EXERCISE REQUIREMENTS — The expected output is an exact copy of each line from the line with "صراعات النخبة واستقطابات" through the end of the data below, with no pictures in it.

[Start of section]

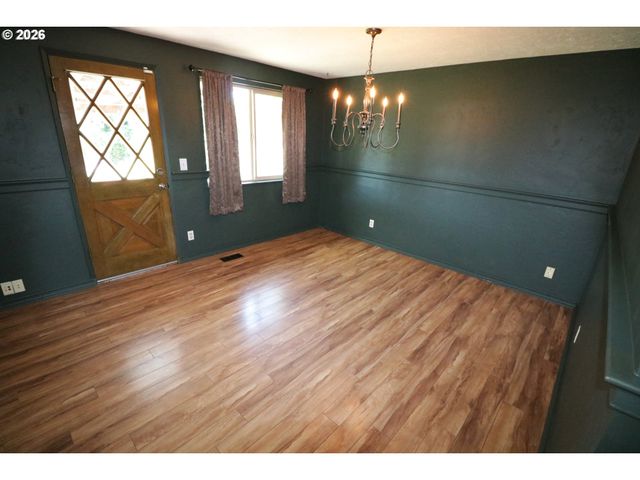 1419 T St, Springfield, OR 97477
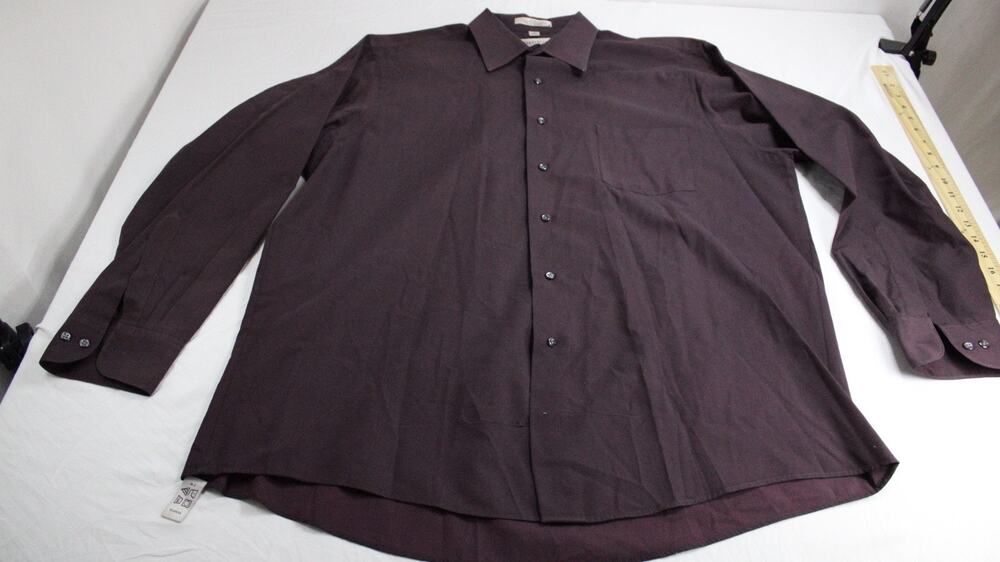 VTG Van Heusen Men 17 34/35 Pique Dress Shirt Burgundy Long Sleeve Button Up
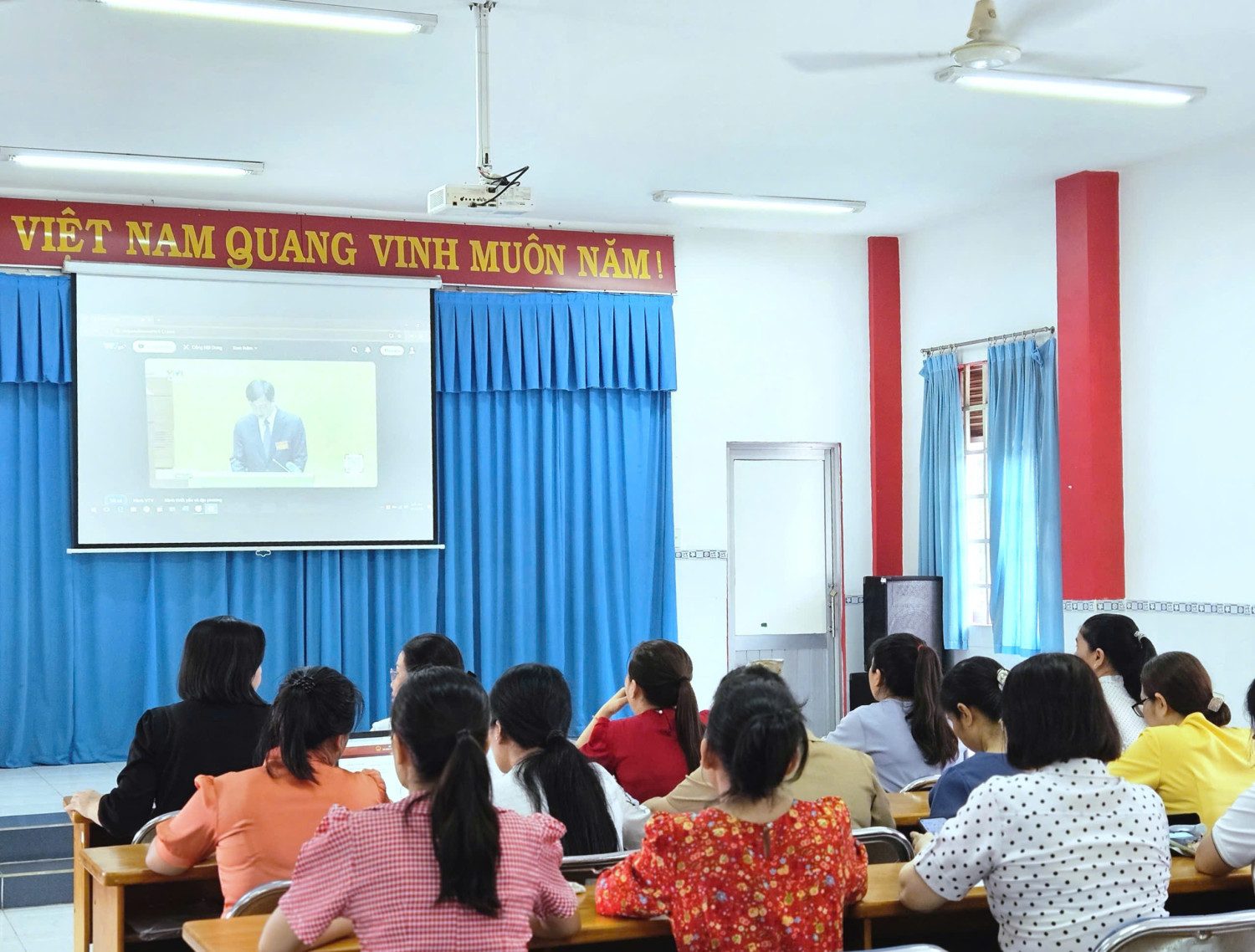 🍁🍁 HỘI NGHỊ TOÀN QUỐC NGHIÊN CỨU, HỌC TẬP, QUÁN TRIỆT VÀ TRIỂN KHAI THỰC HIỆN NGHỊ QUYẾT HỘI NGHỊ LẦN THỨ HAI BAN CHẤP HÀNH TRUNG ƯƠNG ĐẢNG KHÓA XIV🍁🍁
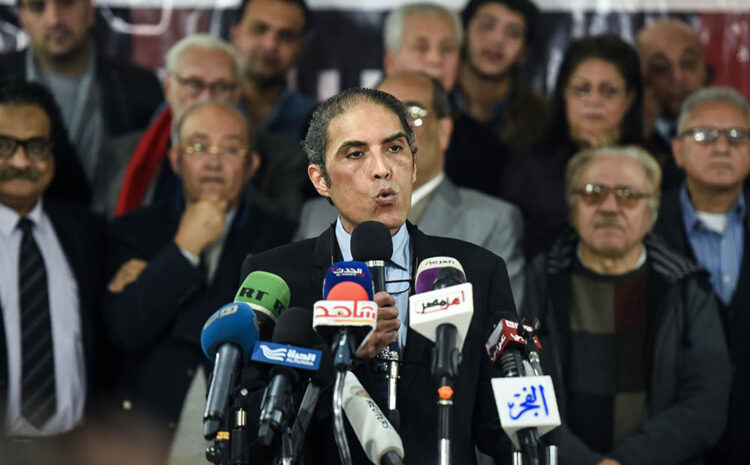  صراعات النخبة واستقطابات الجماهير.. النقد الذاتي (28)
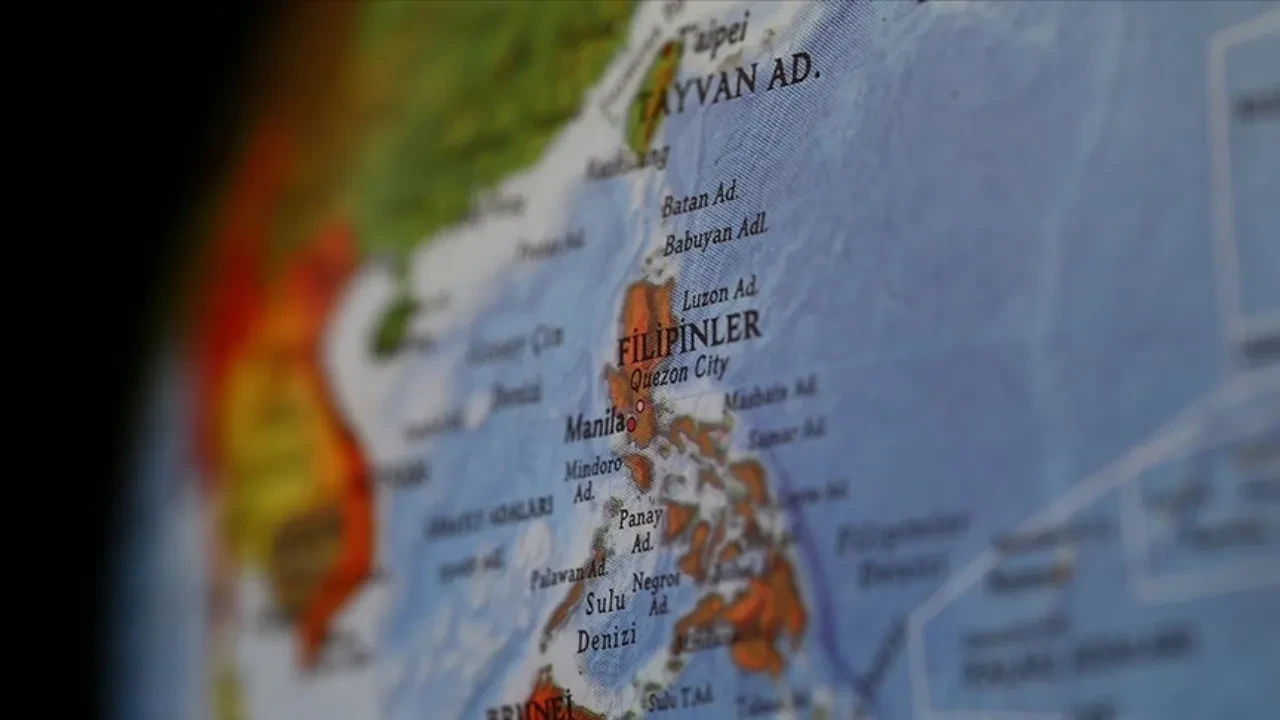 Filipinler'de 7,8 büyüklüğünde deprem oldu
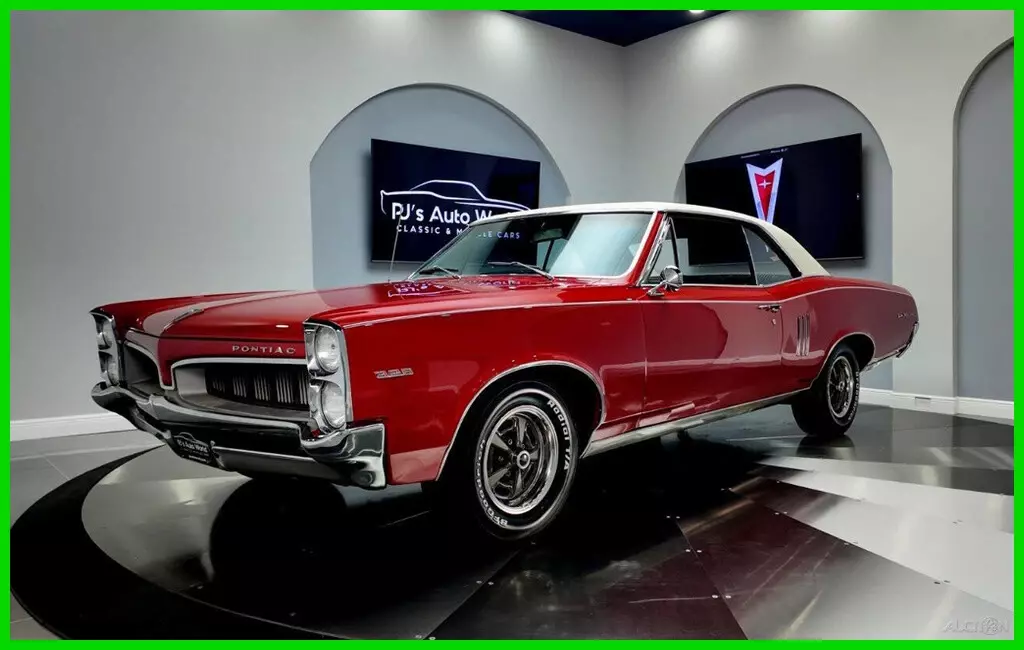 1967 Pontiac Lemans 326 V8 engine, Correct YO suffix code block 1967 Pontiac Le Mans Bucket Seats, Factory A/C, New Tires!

[End of section]

REPLY —
  صراعات النخبة واستقطابات الجماهير.. النقد الذاتي (28)
 Filipinler'de 7,8 büyüklüğünde deprem oldu
 1967 Pontiac Lemans 326 V8 engine, Correct YO suffix code block 1967 Pontiac Le Mans Bucket Seats, Factory A/C, New Tires!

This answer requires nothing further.